Parameter tuning in neural ODE

Hello,

I’m trying to reproduce chemical reaction equations using neural ODE system. I calculated time-series of mass fraction of chemical species and temperature using other ODE solver, and exported the solution data to CSV file. Then, the solution data in CSV file was imported to the neural ODE program as training data. The neural ODE program I used is described as follow. The program is based on the code in the website (https://julialang.org/blog/2019/01/fluxdiffeq).

using Flux, DiffEqFlux, DifferentialEquations, Plots, CSV

# Read CSV file
flamedata = CSV.read("./results.csv")
flamedata2 = flamedata[2:2:6002,:]

u0 = Float32[0.; 0.11189834407236525]

datasize = 3001
tspan = (0.0f0,0.0003f0)
#tspan = (0.0f0,1.0f0)

t = range(tspan[1],tspan[2],length=datasize)

ode_data = Matrix(flamedata2[[:1,:4]])
ode_data = transpose(ode_data)
ode_data = convert(Array{Float32}, ode_data)
ode_data[1,:] = tanh.(ode_data[1,:]*100)

dudt = Chain(
			 #x -> -tanh.(x*10),
			 Dense(2,100,relu),
			 Dense(100,100,relu),
			 Dense(100,100,relu),
			 #Dense(30,30,relu),
			 #Dense(100,200,relu),
             Dense(100,2)
			 )

ps = Flux.params(dudt)
n_ode = x->neural_ode(dudt,x,tspan,BS3(),saveat=t,dtmin=1.0E-14,maxiters=1e10,reltol=1e-7,abstol=1e-9)

function predict_n_ode()
  n_ode(u0)
end
loss_n_ode() = sum(abs2,ode_data .- predict_n_ode())

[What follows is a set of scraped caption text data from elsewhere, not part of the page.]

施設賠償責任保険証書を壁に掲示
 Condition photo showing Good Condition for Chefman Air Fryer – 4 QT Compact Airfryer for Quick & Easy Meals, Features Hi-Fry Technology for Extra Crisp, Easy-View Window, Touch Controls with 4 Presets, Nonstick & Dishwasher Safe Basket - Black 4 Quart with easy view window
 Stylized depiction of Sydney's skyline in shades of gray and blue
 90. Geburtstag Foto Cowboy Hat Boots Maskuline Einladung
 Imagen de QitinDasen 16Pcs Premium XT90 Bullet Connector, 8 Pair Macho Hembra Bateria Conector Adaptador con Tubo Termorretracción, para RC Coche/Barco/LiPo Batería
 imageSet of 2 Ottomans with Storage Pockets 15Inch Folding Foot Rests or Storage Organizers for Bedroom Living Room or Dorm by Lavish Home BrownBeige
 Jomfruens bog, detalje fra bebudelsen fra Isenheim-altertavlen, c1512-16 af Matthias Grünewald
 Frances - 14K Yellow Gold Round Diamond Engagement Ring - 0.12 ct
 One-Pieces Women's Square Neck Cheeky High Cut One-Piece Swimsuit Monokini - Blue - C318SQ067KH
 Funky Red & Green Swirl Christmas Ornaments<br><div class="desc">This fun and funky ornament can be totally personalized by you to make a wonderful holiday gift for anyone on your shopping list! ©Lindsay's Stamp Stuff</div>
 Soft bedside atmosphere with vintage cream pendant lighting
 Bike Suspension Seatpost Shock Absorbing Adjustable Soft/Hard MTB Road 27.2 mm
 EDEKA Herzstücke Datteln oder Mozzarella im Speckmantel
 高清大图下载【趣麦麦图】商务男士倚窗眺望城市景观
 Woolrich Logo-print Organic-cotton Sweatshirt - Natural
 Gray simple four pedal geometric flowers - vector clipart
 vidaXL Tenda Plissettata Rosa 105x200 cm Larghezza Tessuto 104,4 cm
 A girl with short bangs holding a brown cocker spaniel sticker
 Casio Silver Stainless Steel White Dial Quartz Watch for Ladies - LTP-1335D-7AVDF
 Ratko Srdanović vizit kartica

data = Iterators.repeated((), 100000)
opt = ADAM(0.001, (0.9, 0.999))
cb = function () #callback function to observe training
  display(loss_n_ode())
  # plot current prediction against data
  cur_pred = Flux.data(predict_n_ode())
  pl1 = plot(t,ode_data[1,:],label="data1",lw=2)
  plot!(pl1,t,cur_pred[1,:],label="prediction1",lw=2)
  plot!(pl1,t,ode_data[2,:],label="data2",lw=2)
  plot!(pl1,t,cur_pred[2,:],label="prediction2",lw=2)
  gui(plot(pl1))
end

# Display the ODE with the initial parameter values.
cb()

Flux.train!(loss_n_ode, ps, data, opt, cb = cb)

The attached figure shows comparison between original ODE solution and neural ODE solution. “data2” is mass fraction of hydrogen and “data1” is just reference data to make solution set at each time steps unique combination. The line of “prediction2” was getting closer to “data2” line in the simulation. However, the solution from the neural ODE system could not reproduce sharp gradient change at 1.6E-4 seconds.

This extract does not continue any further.